If you are able to use ES6 features, you can use generators to avoid having to create large intermediate arrays. It would seem that you want a set-of-sets of sorts, with rows containing only unique values. As others have also mentioned, you can approach this by starting with a cartesian product of objects matching your input keys:

'use strict';

function* product(...seqs) {
    const indices = seqs.map(() => 0),
          lengths = seqs.map(seq => seq.length);

    // A product of 0 is empty
    if (lengths.indexOf(0) != -1) {
        return;
    }

    while (true) {
        yield indices.map((i, iseq) => seqs[iseq][i]);
        // Update indices right-to-left
        let i;
        for (i = indices.length - 1; i >= 0; i--) {
            indices[i]++;
            if (indices[i] == lengths[i]) {
                // roll-over
                indices[i] = 0;
            } else {
                break;
            }
        }
        // If i is negative, then all indices have rolled-over
        if (i < 0) {
            break;
        }
    }
}

The generator only holds the indices in between iterations and generates new rows on demand.
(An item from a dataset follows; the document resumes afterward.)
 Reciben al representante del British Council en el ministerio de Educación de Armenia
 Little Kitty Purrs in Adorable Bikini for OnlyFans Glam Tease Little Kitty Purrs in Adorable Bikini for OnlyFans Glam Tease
To actually join the objects that match your input keys, you first have to for example create a lookup:

function join(keys, values) {
    const lookup = [...new Set(keys)].reduce((o, k) => {
        o[k] = [];
        return o;
    }, {});

    // Iterate over array indices instead of objects them selves.
    // This makes producing unique rows later on a *lot* easier.
    for (let i of values.keys()) {
       const k = Object.keys(values[i])[0];
       if (lookup.hasOwnProperty(k)) {
           lookup[k].push(i);
       } 
    }

    return product(...keys.map(k => lookup[k]));
}

You then need to filter out rows containing duplicate values:

function isUniq(it, seen) {
    const notHadIt = !seen.has(it);
    if (notHadIt) {
        seen.add(it);
    }
    return notHadIt;
}

function* removeDups(iterable) {
    const seen = new Set();
    skip: for (let it of iterable) {
        seen.clear();
        for (let x of it) {
            if (!isUniq(x, seen)) {
                continue skip;
            }
        }
        yield it;
    }
}

And also globally unique rows (the set-of-sets aspect):

function* distinct(iterable) {
    const seen = new Set();
    for (let it of iterable) {
        // Bit of a hack here, produce a known order for each row so
        // that we can produce a "set of sets" as output. Rows are
        // arrays of integers.
        const k = it.sort().join();
        if (isUniq(k, seen)) {
            yield it;
        }
    }
}

To tie it all up:

function* query(input, arr) {
    for (let it of distinct(removeDups(join(input, arr)))) {
        // Objects from rows of indices
        yield it.map(i => arr[i]);
    }
}

function getResults(input, arr) {
    return Array.from(query(input, arr));
}

In action:

const arr = [
    {"a": "x"},
    {"b": "0"},
    {"c": "k"},
    {"a": "nm"},
    {"b": "765"},
    {"ab": "i"},
    {"bc": "x"},
    {"ab": "4"},
    {"abc": "L"}
];

console.log(getResults(["a", "a", "ab"], arr));
/*
[ [ { a: 'x' }, { a: 'nm' }, { ab: 'i' } ],
  [ { a: 'x' }, { a: 'nm' }, { ab: '4' } ] ]
*/

And the obligatory jsFiddle .

Answer 5

You can do it manually with loops, but you can also use the built-in functions Array.prototype.filter() to filter the array and Array.prototype.indexOf to check if an element is inside another array:

var filtered = arr.filter(function(pair){
    return input.indexOf(Object.keys(pair)[0]) != -1;
});

This gives you array with just the objects that match your criteria.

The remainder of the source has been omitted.